▸ DATASET EXCERPTS:
◆ ◆ ◆

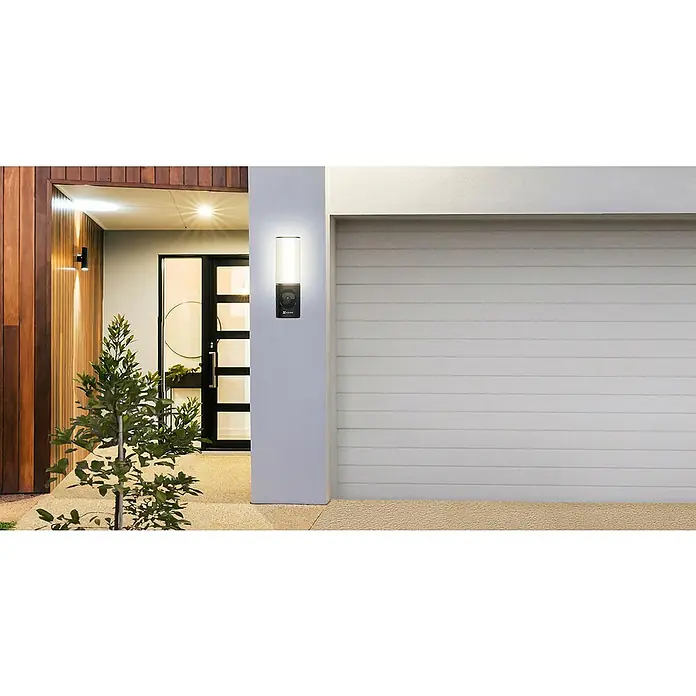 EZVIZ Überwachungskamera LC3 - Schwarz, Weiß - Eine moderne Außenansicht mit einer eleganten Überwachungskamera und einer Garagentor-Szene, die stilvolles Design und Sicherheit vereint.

◆ ◆ ◆

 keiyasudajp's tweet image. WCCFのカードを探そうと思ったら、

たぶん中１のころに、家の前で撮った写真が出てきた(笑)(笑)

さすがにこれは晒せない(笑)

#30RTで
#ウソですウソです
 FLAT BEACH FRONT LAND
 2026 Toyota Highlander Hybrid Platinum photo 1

◆ ◆ ◆

▸ WHAT TO WORK ON: From the records above, copy out the line with "FLAT BEACH FRONT LAND", the line with "2026 Toyota Highlander", and every line between them, word for word.

▸ OUTPUT FOR THIS TASK:
 FLAT BEACH FRONT LAND
 2026 Toyota Highlander Hybrid Platinum photo 1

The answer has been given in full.